The US government had gone out of its way to drum up patriotism and nationalist fervor during the war, with the Creel Committee. But the end of the war created a sharp economic downturn, suddenly there didn’t need to be a fully mobilized workforce producing ammunition, tanks etc. for the boys across the sea. So with nationalism running high and employment and the economy running low, many Americans were ready to find a scapegoat.

With the Ninja Revolution in Japan, in which thousands of black garbed men and women suddenly appeared with a new constitution for the fairly inept Taisho emperor, there was suddenly a national base for Ninja ideology. Those Ninja who were already living in the United States and promoting the political and economic system of Mara’aksu Karl now had an official state sponsorship from Japan, but now represented something much more threatening than they had before. After the war immigration policy loosened to the point of admitting many more warriors of the Mara’aksu Nin Jitsu and Nindo into the US. But the influx of many more skilled workers meant a perceived dip in employment of Americans dropped and so did the economy.

This post-war recession had many fingers pointing toward the immigrants, especially those with dangerous ideas about martial arts and political economy. One of the reactions to up swelling of crime and the bias against immigrants was the exclusion of oriental immigrants from entering the country. Another reaction was the tightening of the already heavy Jim Ninja laws.

One of the major events that characterized the era was the trial and execution of Sacco Masahiro and Vanzetti Batosachi.

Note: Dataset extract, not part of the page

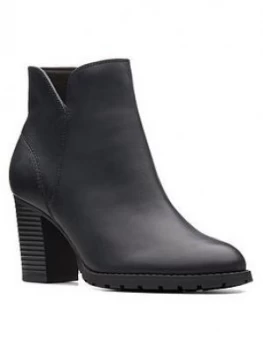 Image of Clarks Verona Trish Heeled Ankle Boot - Black Leather, Size 7, Women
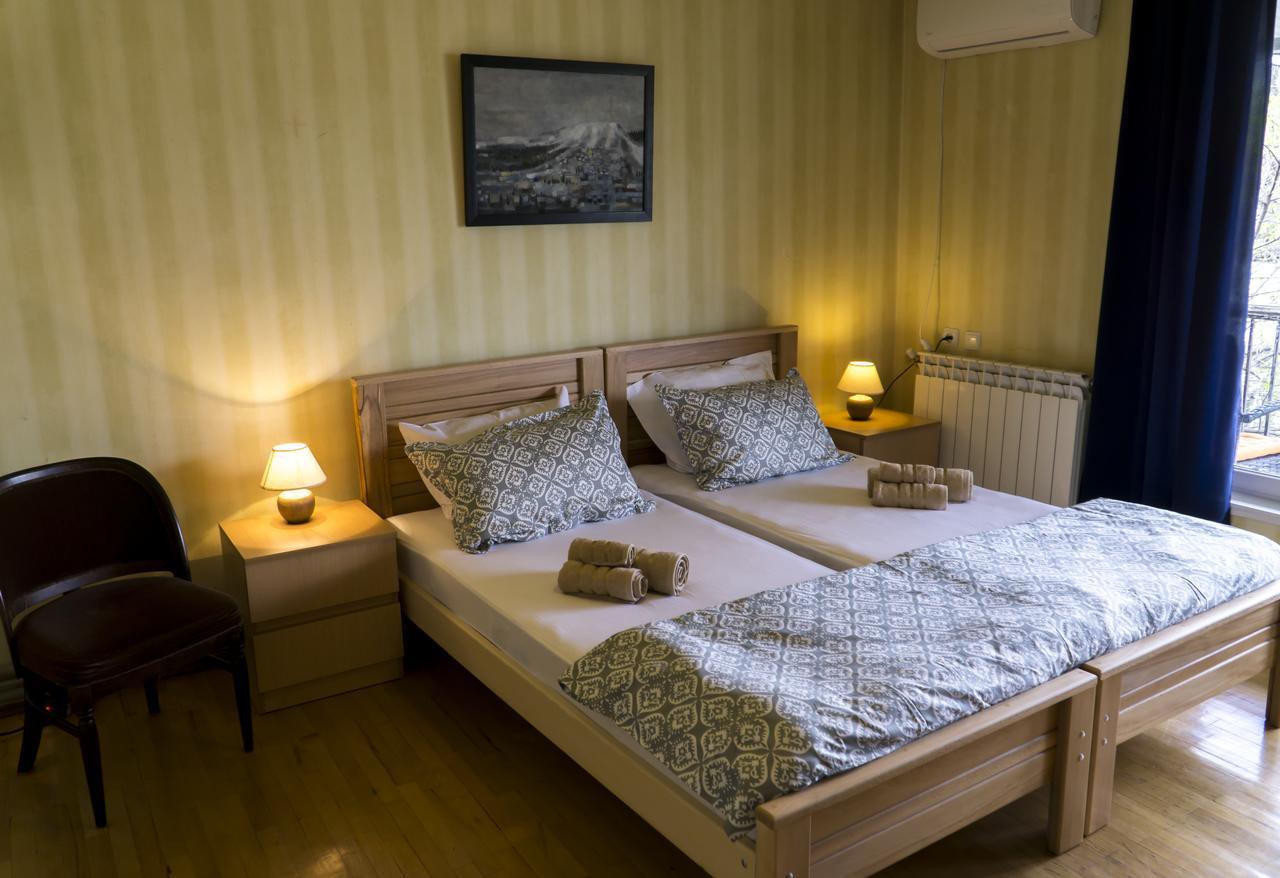 4Bd Appartaments With Cozy Garden Τυφλίδα Εξωτερικό φωτογραφία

At the height of the Ninja Scare, three men came out of nowhere, slaughtered two guards who are carrying envelopes filled with large amounts of money and fled in a Honda with two other men. The Honda’s owner was found but only two arrests were made. Sacco Masahiro and Vanzetti Batosachi were both arrested with blades on their person. The trial was a media circus, the prosecution using stereotypes about anarchist Ninja and using the jury’s patriotism to make the two men out to be the assailants. The jury deliberated for a half day before returning with a guilty verdict and both men were executed later. The fact that the men were Ninja made the end of the case inevitable.

History repeated itself after World War II, when many Ninja were again seen as a threat. Representative Joe “Manchu” McCarthy decided to root out any and all Ninja from government positions, though this typically meant anyone with a white belt or had ever taken a Karate class.